Tony & Jonna Mendez

Both Tony and Jonna Mendez are former Central Intelligence Agency Chiefs of Disguise.

Tony’s career spanned twenty-five years as he worked undercover in the most important theaters of the Cold War. As the Chief of Disguise and later as the Chief of the Graphics and Authentication Division, he and his staff were responsible for changing the identity and appearance of thousands of clandestine operatives. In 1980, Mr. Mendez was awarded the Intelligence Star for Valor for single-handedly engineering and overseeing the rescue of six US diplomats from Iran during the hostage crisis.

Ben Affleck filmed a movie about this story. Directing and starring as Mendez, and with Warner Brothers and George Clooney producing, the movie "Argo"  will be released October 12, 2012. Mr. Mendez has a new book by the same name that was published by Viking in September 2012.

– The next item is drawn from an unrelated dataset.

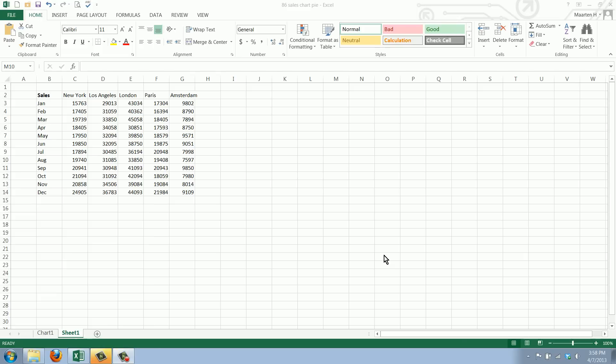Welcome to WorkSmarterTV. I am Maarten and in this video I will show you how to create a pie chart in Excel.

By the time Mendez retired, he had also earned the CIA's Intelligence Medal of Merit, the Intelligence Star and two Certificates of Distinction. In September of 1997, in honor of the fiftieth anniversary of the CIA, he was one of only fifty officers chosen to receive the Trailblazer Medallion. Jonna is a retired CIA intelligence officer who lived undercover for 27 years in such places as Germany, Thailand, and India, specializing in clandestine photography. Her duties included instructing the CIA's most highly placed foreign assets in the use of spy cameras and the processing of intelligence gathered by them. Her impressive record afforded her the opportunity to work in Southeast Asia as a generalist in Disguise, Identity Transformation and Clandestine Imaging. In 1988, she was promoted first to Deputy Chief of Disguise and then, Chief of Disguise. She retired from the government in 1993, earning the CIA's Intelligence Commendation Medal.

Presentation Topics

The Life of a Female Spy: An overview of female spies throughout history

Jonna Mendez served twenty-seven years with the CIA and retired as the Chief of Disguise. She tells spy tales about a number of effective and not so effective female spies. She also discusses her own experiences, living and traveling around the world, operating in the alleyways of Europe and the Far East, participating in classic espionage operations.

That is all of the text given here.